ROBERT HARRIS:
KÖNIGSMÖRDER
Als nach Oliver Cromwells Tod 1658 die Monarchie wiederhergestellt und 1660 Charles II.
zum König gekrönt wurde, begann damit die Restauration in England. Um das Reich nach den
Bürgerkriegen wieder zu einigen, erließ Charles den Act of Indemnity and
Oblivion.
Dieses Amnestiegesetz galt für alle, die zuvor auf Seiten der Republikaner gekämpft
hatten. Fast für alle mit Ausnahme jener 59 Männer, die das Todesurteil für
Charles I. unterzeichnet hatten, worauf dieser am 30. Januar 1649 öffentlich hingerichtet
worden war. Etliche von ihnen waren bereits verstorben, 25 in Gewahrsam und ganze 13 noch
auf der Flucht.
Zweien dieser Königsmörder hat der britische Erfolgsautor Robert Harris
einen Roman unter eben diesem Titel gewidmet. Nah an den historischen Ereignissen hat er
ihn verfasst und nur Richard Nayler, hoher Beamter des Kronrats, ist eine rein fiktive
Figur. Die allerdings nicht nur als große Klammer des zwei Jahrzehnte umspannenden Bogens
eine zentrale und überaus realistische Rolle spielt, sondern auch als der Jäger.

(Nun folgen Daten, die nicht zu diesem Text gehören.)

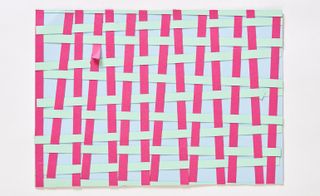 Criss-cross thread design in pink and green on a blue background made out of paper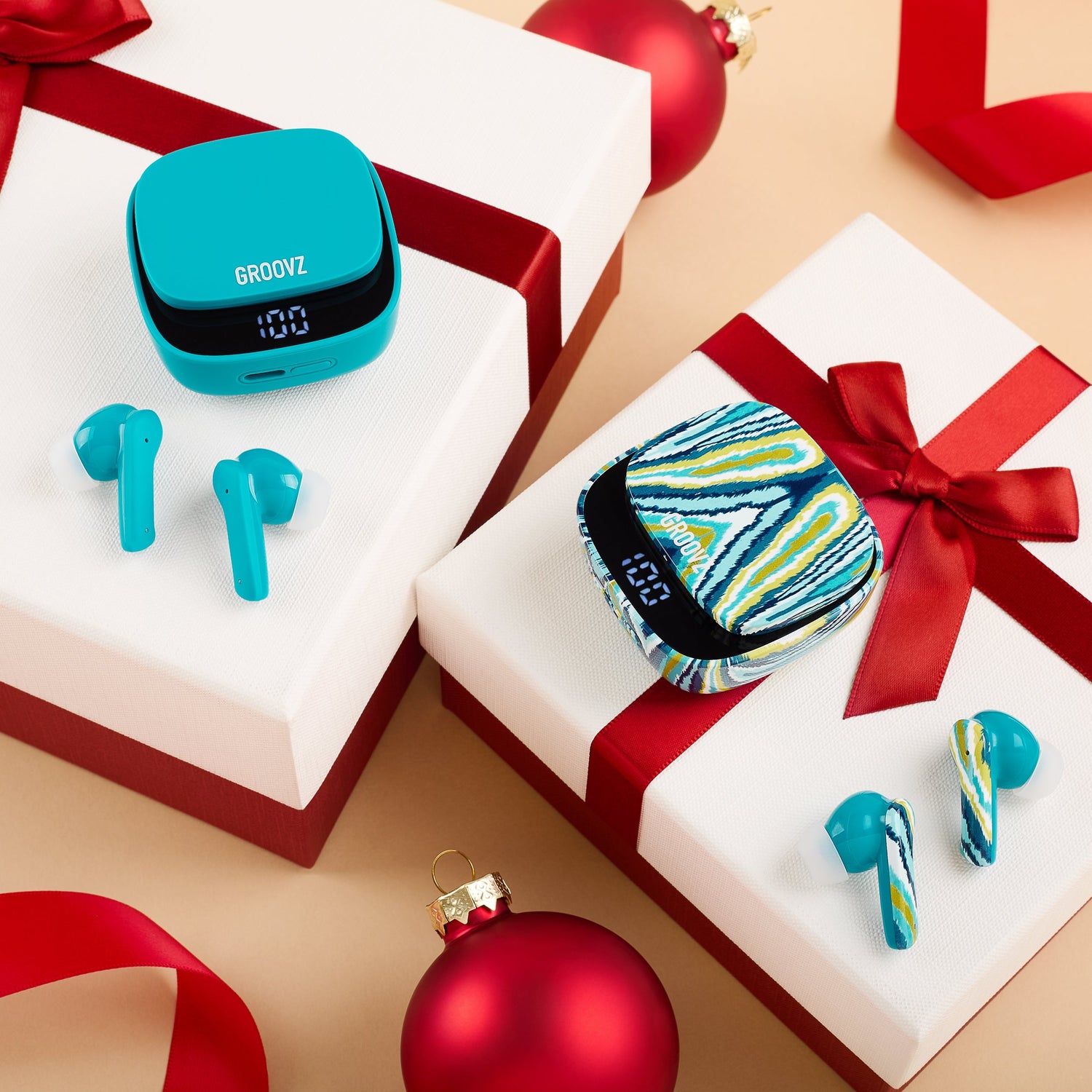 Blue wireless earbuds with a matching case on gift boxes with red ribbons and ornaments.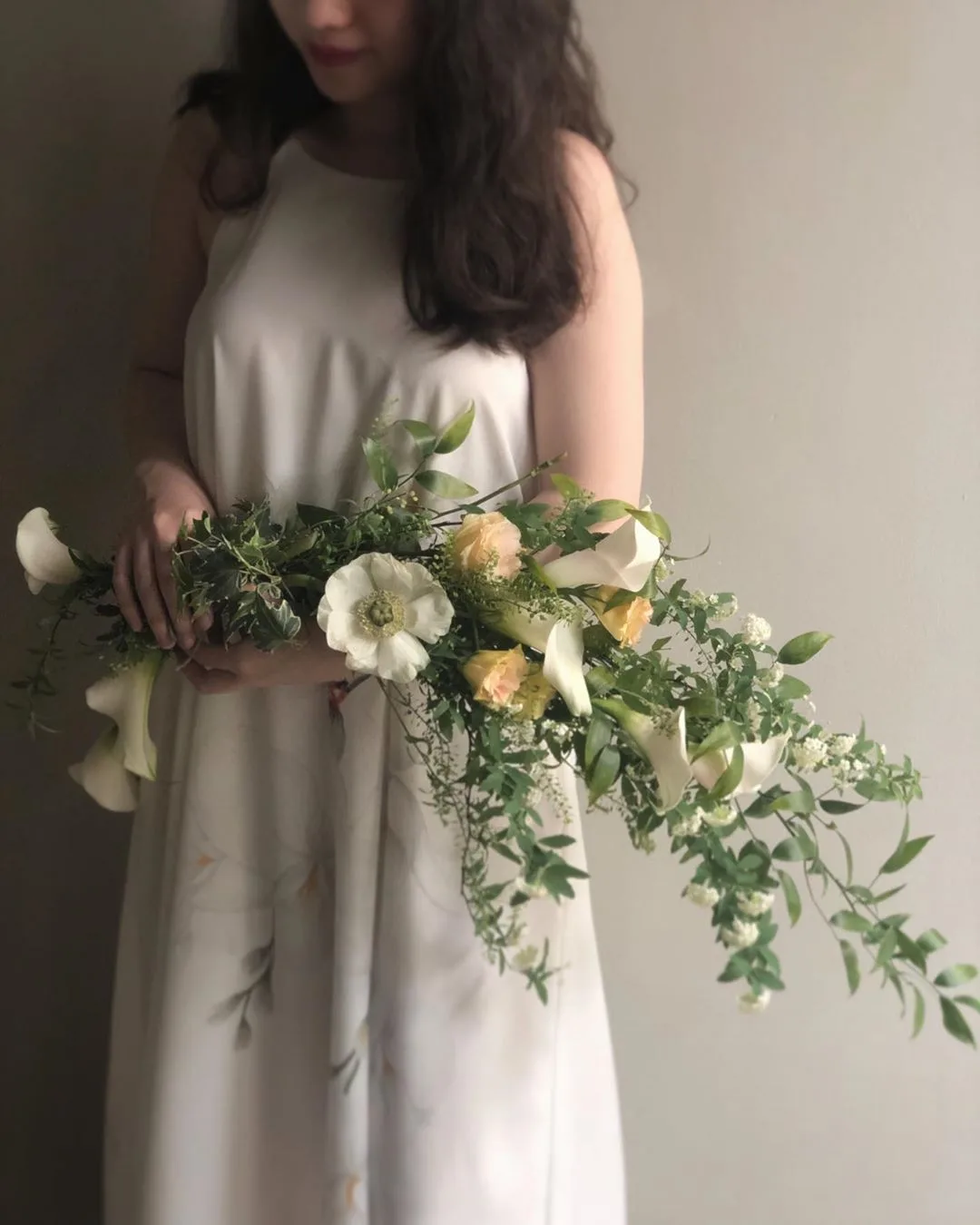 cô gái cầm hoa cưới dáng dài làm từ hoa lily nhỏ và cành lá xanh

Im Mittelpunkt aber stehen seine beiden Zielpersonen, die jeweils als Oberst unter
Cromwell gedient hatten. Edward Whalley, Mitte 60, war sogar ein Cousin des
Lordprotektors, und William Goffe, Anfang 40, sein Schwiegersohn. Gemeinsam waren sie den
Jägern der Königsmörder gerade noch per Schiff in die amerikanischen Kolonien
entkommen.
Dort herrschten noch sehr primitive Zustände, doch besonders unter den puritanischen
Auswanderern erfreuten sich die Flüchtlinge deutlicher Sympathien, denn auch sie waren ja
alles alles andere als Freunde der Monarchie. Was sich jedoch ändern sollte, als ihnen
bald schon Nayler nachreiste und mit einer schlichten Auslobung für den Verlust der
Sicherheit sorgte: für jeden der Beiden wurden 100 Pfund Sterling Kopfgeld ausgesetzt, zu
jenen Zeiten ein beträchtliches Vermögen.
Und dieser Nayler ist nicht nur fanatisch und unermüdlich, er hat auch nicht nur
offizielle sondern zusätzlich sehr persönliche Gründe für seine gnadenlose Verfolgung.
Er will Rache, denn Whalley und Goffe waren es einst, die ihn in den Kerker werfen ließen
und den Tod seiner Liebsten verursachten. Es setzt eine Odyssee durch die Weiten in der
dünn besiedelten Wildnis ein, in der sich die Gejagten in immer größerer Bedrängnis
verstecken.
Trotz dieser spannenden Abenteuer in der Fremde sind es die eingebetteten
autobiografischen Niederschriften Edward Whalleys, die diesen bestens recherchierten
Historienroman zu einem mitreißenden Abriss der Ereignisse machen. Aus dem engsten Kreis
um Cromwell schildert der Offizier diese ebenso charismatische wie diktatorische
Lichtgestalt der Republikaner, die noch heute als umstritten gilt.
Welch fatale Auswirkungen in dessen Walten wie auch unter den strenggläubigen
amerikanischen Neusiedlern die fanatische Gottesunterwerfung hatte, ist heute nur noch
schwer nachzuvollziehen aber historisch belegt. Die kongenial mit der abstrusen Reliquie
des Königsmörderjägers Nayler korrespondiert: ein Taschentuch, das er als Zeuge der
Hinrichtung von Charles I. in dessen Blut getaucht hatte.
Und es wird eine epische Menschenjagd, die größte des 17. Jahrhunderts, die hier
fesselnd und sehr authentisch von einem Meister des Genres ausgebreitet wird. Besonders
für die vielen Freunde solcher Romane ein absolutes Muss.